● **Supplied data**
==========
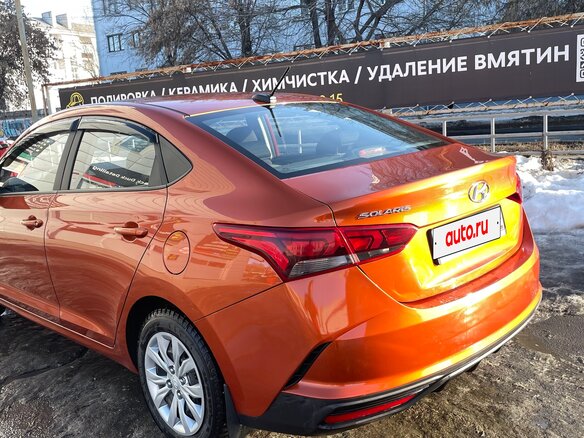 2022 Hyundai Solaris II Рестайлинг, оранжевый, 1699999 рублей - вид 7
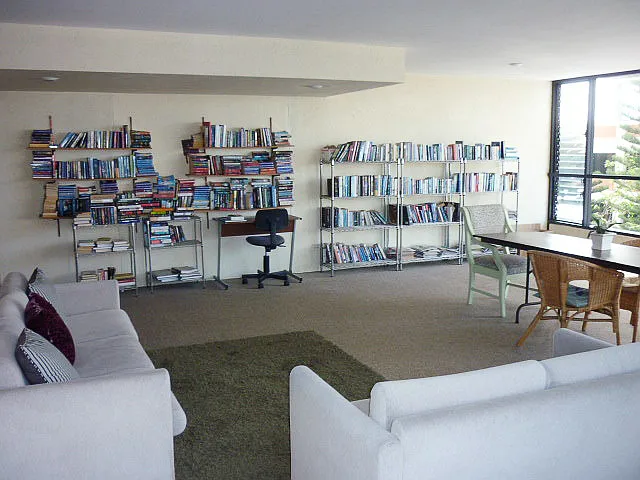 2740 Kuilei St #2101 — Photo 14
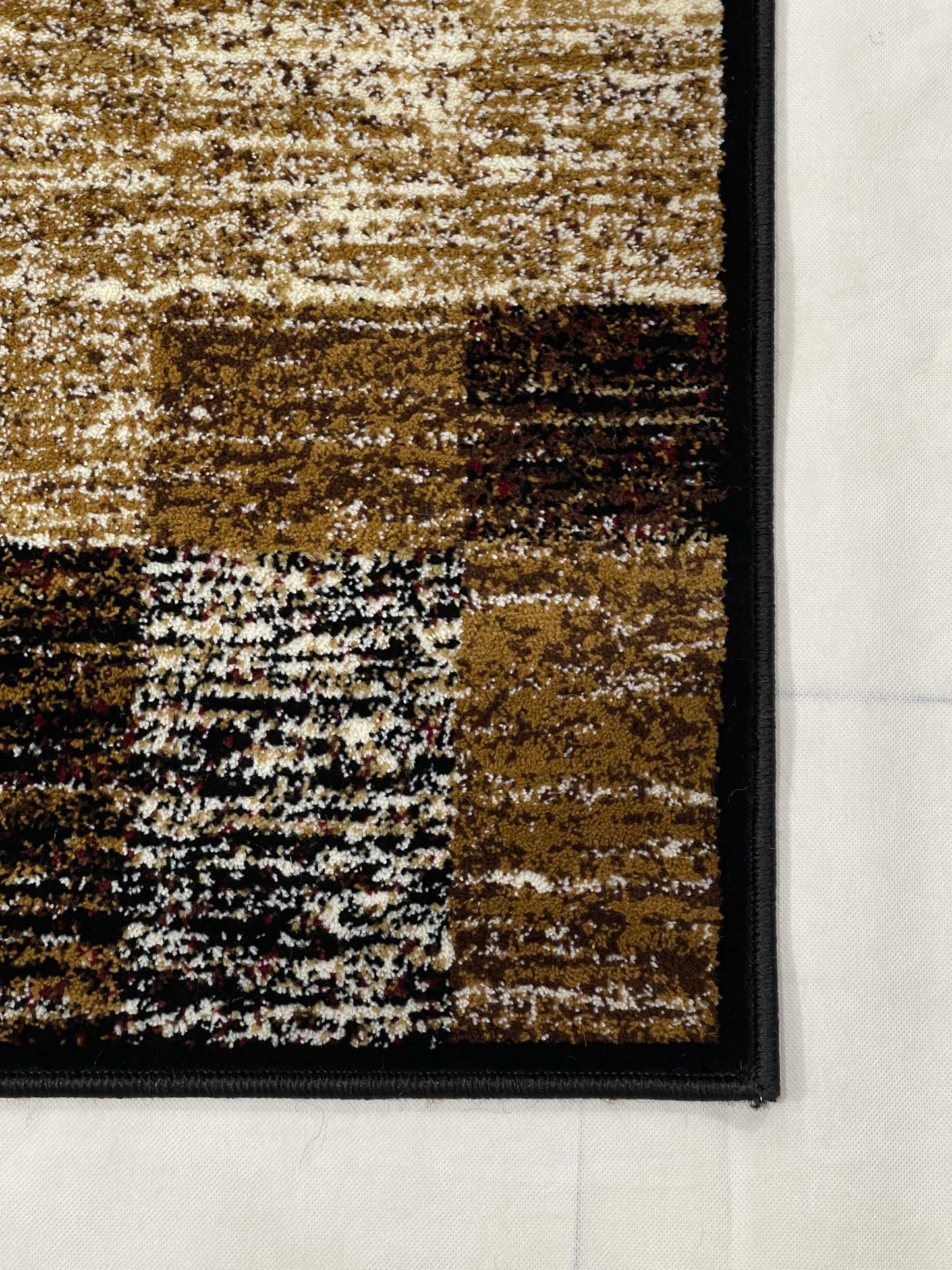 Modern polypropylene Rug,back woven(Article-455-Black)
Size : 5ft width  x 7.3ft length (150cm x 220cm)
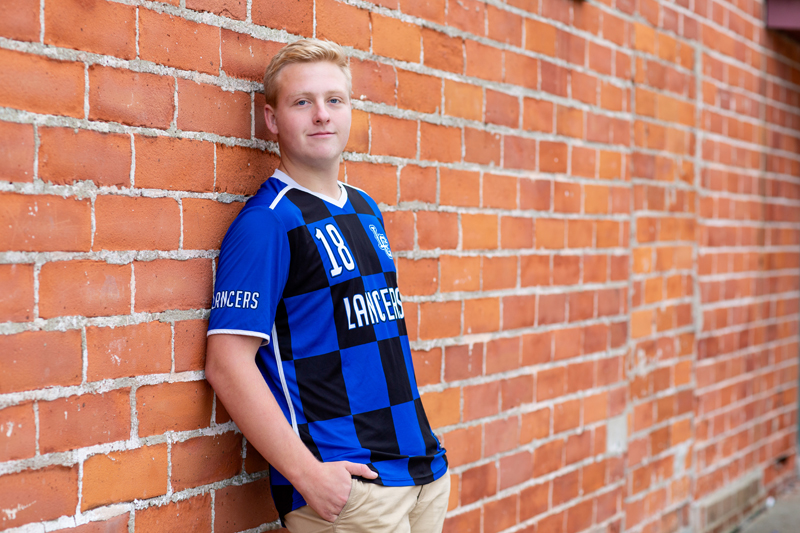 When Should You Do Your Senior Photos? 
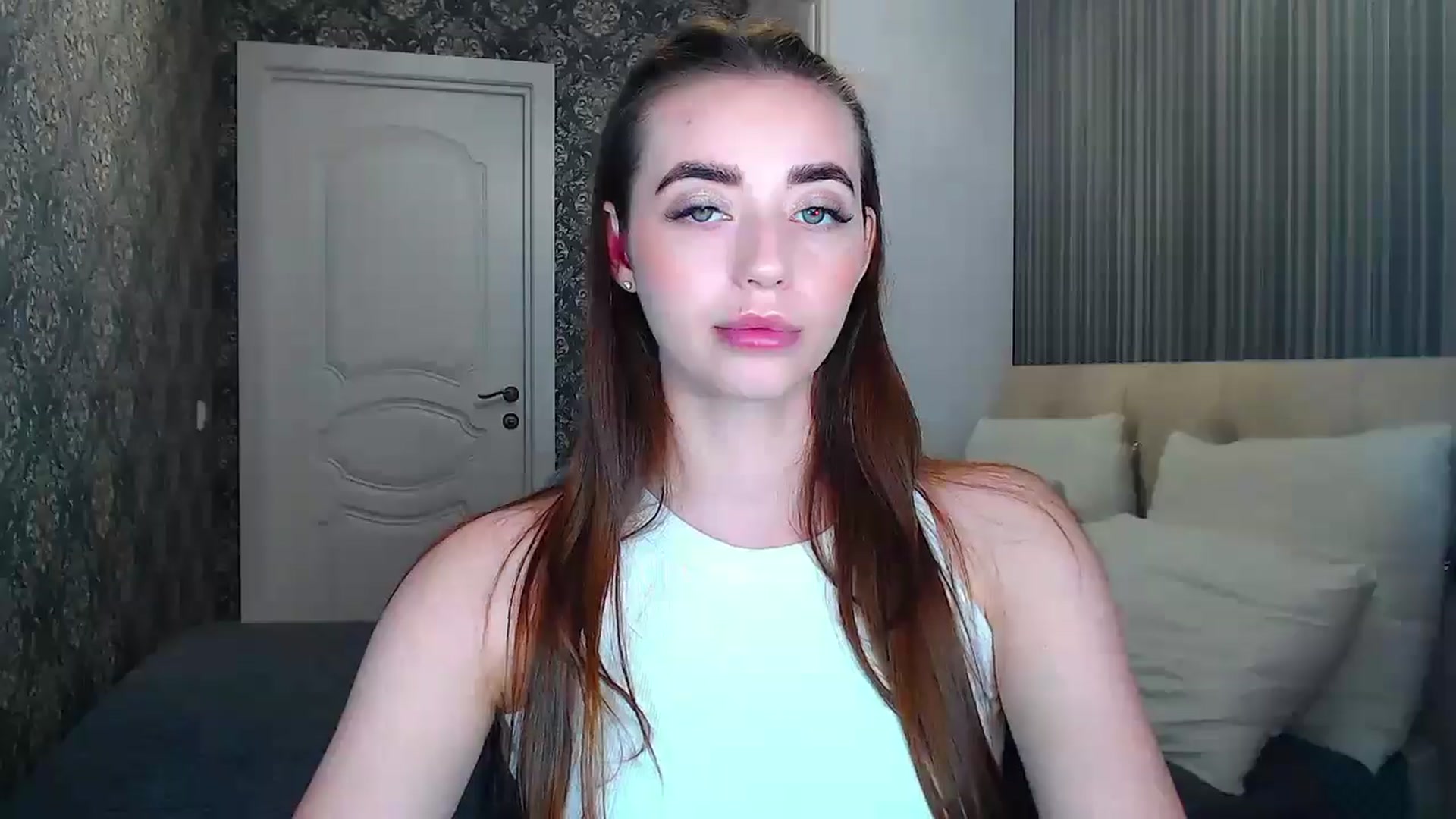 Gallery image thumbnail from EmeraldLilyyy's myfreecams stream on, 06/09/2024, 09:47 image 19 of 20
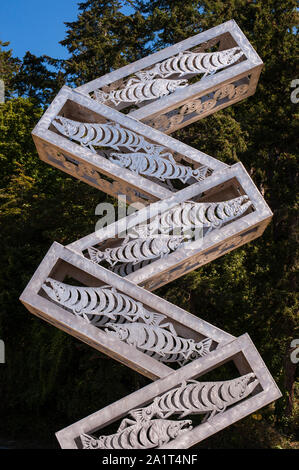 Scultura di salmone al Kayak Point Park per artista James Madison, Tulalip artista. Foto Stock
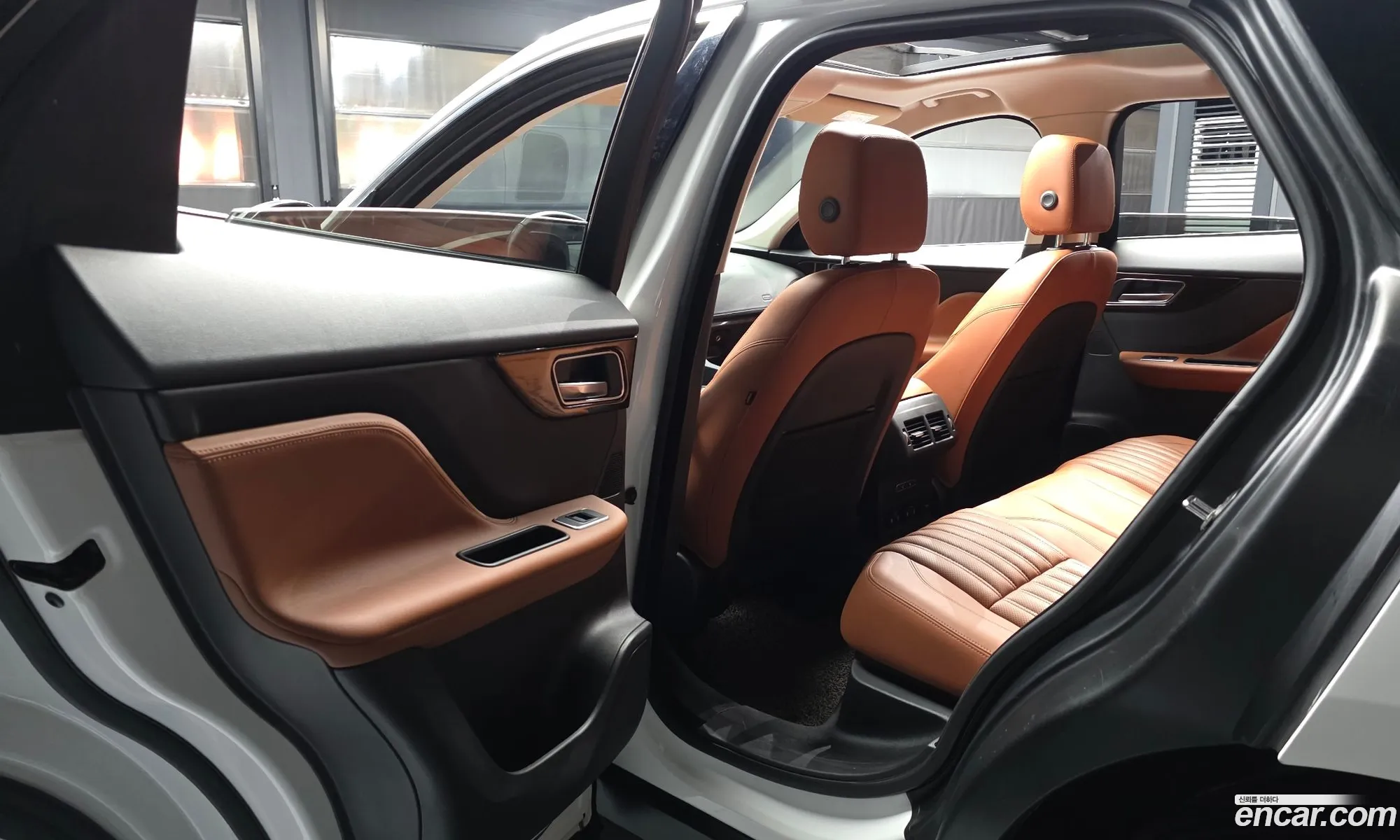 Jaguar F-Pace 2017 SADCA2BN2HA894883 — 21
==========
● **Work task**
Look above for the line holding "2740 Kuilei St #2101 — Photo 14" and output everything from it down to the line holding "Gallery image thumbnail", both ends included, exactly and without images.

● **Answer area**
 2740 Kuilei St #2101 — Photo 14
 Modern polypropylene Rug,back woven(Article-455-Black)
Size : 5ft width  x 7.3ft length (150cm x 220cm)
 When Should You Do Your Senior Photos? 
 Gallery image thumbnail from EmeraldLilyyy's myfreecams stream on, 06/09/2024, 09:47 image 19 of 20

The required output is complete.